Banks and credit unions generally don’t change savings rates on an hourly, daily, or even monthly basis. In fact, it’s common to see APYs remain the same for several months. However, it’s important to note that rates are variable and theoretically can change at any time. Many banks will change their rates based on what their competitors are doing, so you may often see groups of banks increase or decrease their APYs at around the same time—especially if the Federal Reserve recently hiked or cut rates, as with the emergency rate cuts of March 2020 in response to the coronavirus pandemic. As a best practice, it’s good to check out the best savings rates regularly (at least once a month).
Savings account terms you need to know.
- Interest: Money that a bank pays into an account over time.

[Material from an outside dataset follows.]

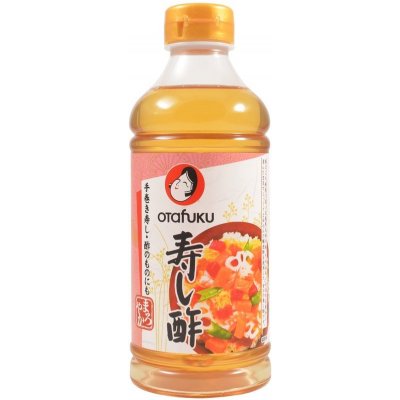 Otafuku Rýžový ocet ochucený 500 ml – Zboží Dáma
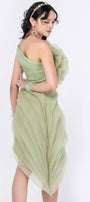 Andrew Diagonal Hem Dress MEAN BLVD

- Compound interest: Compound interest is the interest you earn on both your original money and on the interest you keep accumulating (typically daily or monthly). Each time interest is calculated and added to the account, and the larger balance earns more interest.
- Annual percentage yield: The annual percentage yield, or APY, is the amount of interest an account earns in a year. The calculation is based on the account’s interest rate and the number of times interest is paid during the year.
- The Federal Deposit Insurance Corp: A government-run organization that insures customers’ bank deposits up to $250,000 if the bank fails. The National Credit Union Administration is the equivalent for credit unions.
- Routing Number: A nine-digit number that identifies your financial institution.
How can I earn high-interest rates besides a savings account?
If you’re looking for better interest rates than a traditional savings account offers, you have a few options.
- Money market accounts: A type of savings account that typically requires higher minimum balances; some even offer check-writing options.
- Certificates of deposit: With these accounts, you are required to hold your balance for a specific period of time (typically between one to five years) in exchange for a higher interest rate. If you withdraw money before the required period ends, you’ll have to pay the penalty. CDs are also covered by FDIC insurance.
- Mutual funds: If you have a 401(k) through your job or an individual retirement account or IRA, odds are you are putting some of your money in mutual funds. These are a type of investment that holds a little bit of many different types of stocks. Mutual funds are not covered by FDIC or NCUA insurance, and you can lose money on them — but you’ll also typically earn a higher rate of return than you would on a savings account. They’re best for long-term savings goals, such as retirement.
Is savings account interest taxable?
Yes. Technically, all savings account interest is taxable, but this only applies to interest earned that is greater than $10, which is usually only applicable for high yield savings accounts.